There is a Metal Lathe Forum. Jeff put it in the " Shops,Tools and Equipment" in the Forums tab.  All of the old threads are in there.
Tons of Q&A's.


----------



## jttheclockman (Jan 16, 2021)

Dalecamino said:


> There is a Metal Lathe Forum. Jeff put it in the " Shops,Tools and Equipment" in the Forums tab.  All of the old threads are in there.
> Tons of Q&A's.


Thank you Chuck. I did not know that. See you learn something new here every day. That is what I am look for. 
Good to know. I can send people there too for wood lathe questions too. 
I missed that one. Hope this helps others too.


----------



## randyrls (Jan 16, 2021)

The major difference of wood vs metal lathe is the metal lathe has a tool and holder that is driven along the length of the bed by a lead screw.  There is a gear train used for threading between the spindle and the lead screw that sets the rotation ratio of one to the other.    Larger lathes may / will have separate lead screws for threading and "feed" (stock removal).


----------



## Dalecamino (Jan 16, 2021)

Here is some reading material to help get started, or even help you decide if you want to take the plunge.


			https://littlemachineshop.com/images/gallery/Info/MiniLatheUsersGuide.pdf


----------



## jttheclockman (Jan 16, 2021)

Dalecamino said:


> Here is some reading material to help get started, or even help you decide if you want to take the plunge.
> 
> 
> https://littlemachineshop.com/images/gallery/Info/MiniLatheUsersGuide.pdf


Thanks again Chuck I will read this as well as take in alot of those past threads.

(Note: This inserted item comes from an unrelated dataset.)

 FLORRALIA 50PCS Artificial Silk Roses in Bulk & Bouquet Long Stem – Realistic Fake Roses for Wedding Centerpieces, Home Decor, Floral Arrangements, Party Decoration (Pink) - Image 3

If anything I will educate myself some so that if I do go down this path at some time if not now I will have a better understanding. A metal lathe is a bit more complicated than a wood lathe which is basically straight forward. I do have a kitless pen that I had in mind for such a long time and would really see if i could pull it off. One of those long shots that I tucked away in the brain. I do have some plans drawn so who knows.


----------



## jttheclockman (Jan 17, 2021)

Chuck that link is actually a good read because now I have an idea what parts are what and what the gears are for and things like that. From the looks of it most of these lathes are the same. I also can now make some comparisons with different features. Now that I know what I am looking at. Thanks again.


----------



## skiprat (Jan 17, 2021)

Well, blow me down!!!!!  The old codger is eventually giving in to the dark side!!.....

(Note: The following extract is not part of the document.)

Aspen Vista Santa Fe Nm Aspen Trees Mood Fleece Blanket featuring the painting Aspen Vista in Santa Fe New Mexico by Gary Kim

Good info so far John, I can only add:
1. Get the biggest, baddest heaviest lathe you can afford and fit in your shop.
2. Get one of the modern Chinese clones. Far more bang for buck. Go metric lead screw. 
3. Get one with change gears, not a limited gearbox. 
4. Unless already fitted, A quick change tool post is nice but really not necessary. Save your money for other tooling
5. Make a rock solid bench for it. 
6. Get to grips on how to shape and sharpen HSS cutting tools. Better results than insert tools on a smallish lathe.
7. Loads of other stuff, but have slipped my mind at the mo. 

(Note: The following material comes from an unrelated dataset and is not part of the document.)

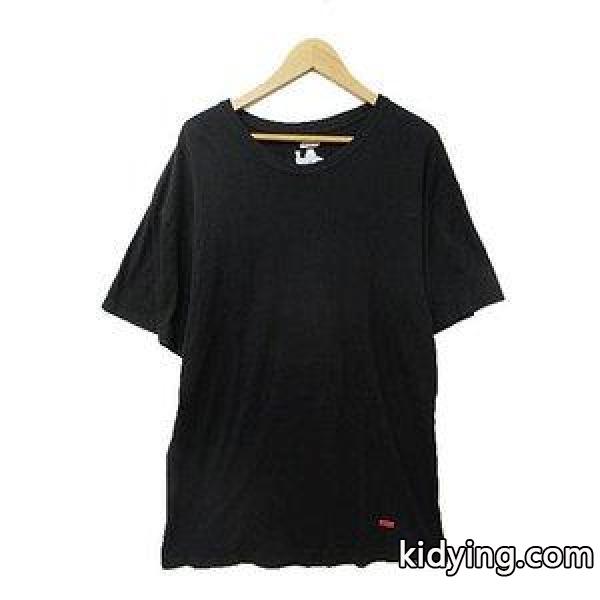 シュプリーム SUPREME HANES ヘインズ ボックスロゴ クルーネック半袖Tシャツ 黒ブラック ☆激安& メンズ-0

Years ago I made a post with pics of all my favourite accessories, some homemade. I’ll see if I can find it later.


----------



## skiprat (Jan 17, 2021)

Bits and Bobs for your Metal Lathe
					

Today I made a new tool post power tool holder. It works great and I'm pretty pleased with it. :biggrin: I then decided to try a new way to make Pool Cue Blanks. Up till now, I've used a Heath Robinson flexi joint that worked but was a pain as the blank had to be glued to it.  This new one is a...



					www.penturners.org
				




Found it John. 
I’m pretty sure it wouldn’t be long before you had a router attached so maybe something like my power tool holder would work for you.

My machine is classed as 10 x 21. This is bollocks really as the 21 is between centres and doesn’t allow for any chucks, face plates or even a drive dog. By the time you have a 3 jaw Chuck in the headstock, a drill Chuck with 1/2 drill in the tail stock and of course your workpiece, you soon run out of bed length.
The 10 inch diameter is also mostly bollocks as this is measured over the bed , not over the carriage. I reckon in reality it’s more like 3 inch radius (6 diameter) over the carriage.
I’ve never really needed more than the 3 inch clearance over the carriage except when I tried to mount my rotary table on it. 
I consider my lathe size ‘just’ adequate. A longer bed would have been nice though. 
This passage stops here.